Ich binn leider noch nen Monat krankgeschrieben, und danach hab ich noch einen Monat Urlaub. Sonst hätte ich dir die Teile wohl eben aufa Arbeit gemacht.


----------



## Livanh (9. Juli 2004)

das messen is ja shcon mal nicht ganz einfach, sind so seltsam halbrunde teile, wüsste net wie ich das genau ausmessen sollte...
ich ruf mal da in neumarkt an. thx


----------



## LB Jörg (11. Juli 2004)

Ich hätte welche für ein Switch. Weiß net, aber könnten die gleichen sein??
Würd sie dir auch schenken wennste die 100km net scheust ins Fichtelgebirge.
Müßtes aber dein Rad mitbringen damits mal ordentlich Felsen unter die Reifen bekommt, damits sich des auch lohnt 
Müßt ich mal ausprobieren bei nem RM 7 Rahmen ob die passen. Würd aber ein wenig dauern. 

G.


----------



## krankedbiker (11. Juli 2004)

Ja die Teile passen ganz sicher an beiden Rahmen. Die sind absolut identisch.


----------



## Livanh (11. Juli 2004)

sehr schön, die 100km nehm ich doch gerne in kauf!
nachdem ich grad mei abi hinter mir hab müsste sich da auch ein zeitpunkt finden lassen...hätte ein bisserl zeit


----------



## LB Jörg (12. Juli 2004)

Nur mal noch zur Sicherheit.
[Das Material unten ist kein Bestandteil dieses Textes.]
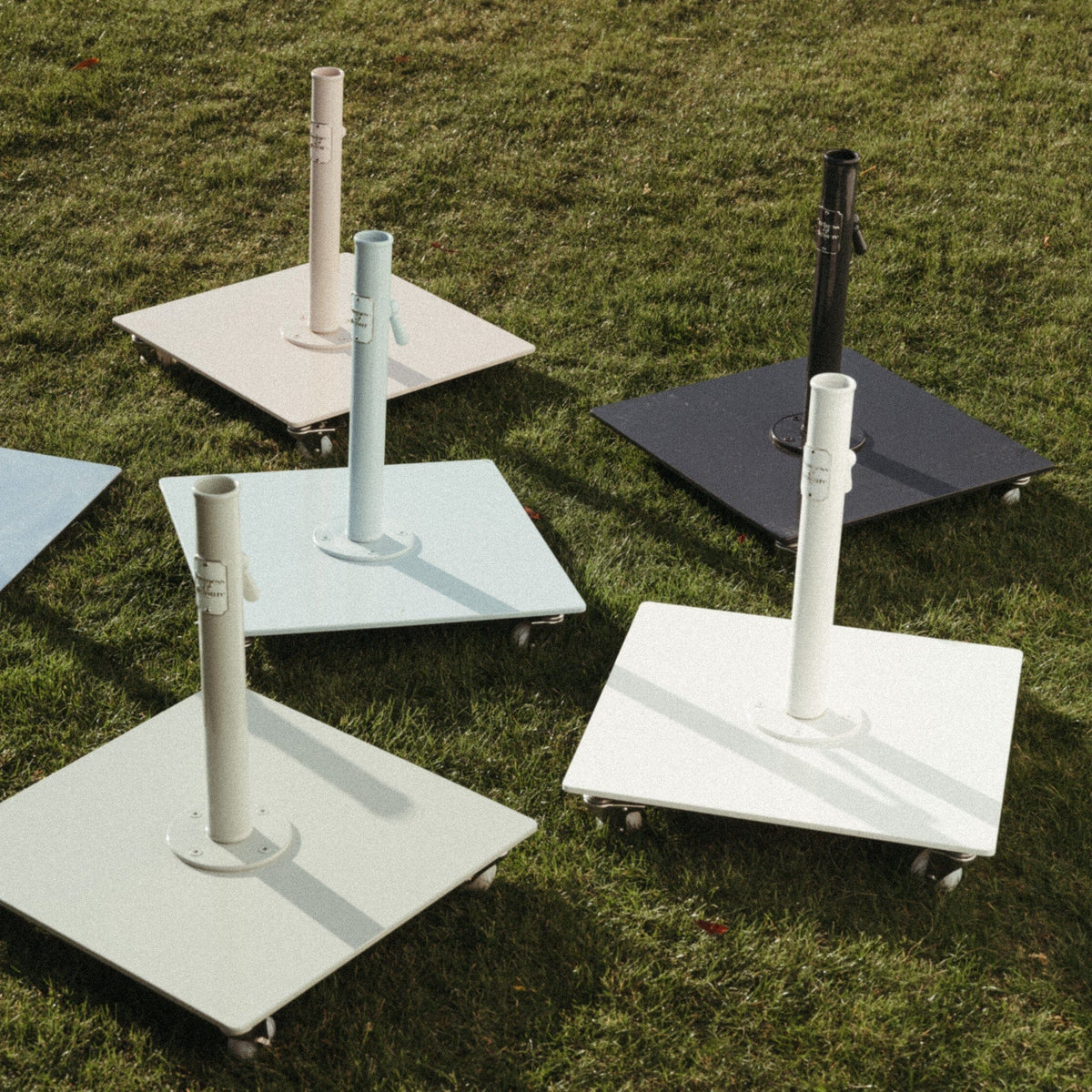 The Classic Base - 55 LB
Du meinst schoh die Dinger.

G.


----------



## Phil Claus (12. Juli 2004)

@Livanh,

bitte kontaktiere einen unserer "CANADIAN CORNER",  die Dir mit Sicherheit die gewünschte Schelle zusenden können.


----------



## MTB-News.de




----------



## Livanh (12. Juli 2004)

jau, die dinger sind gemeint!


----------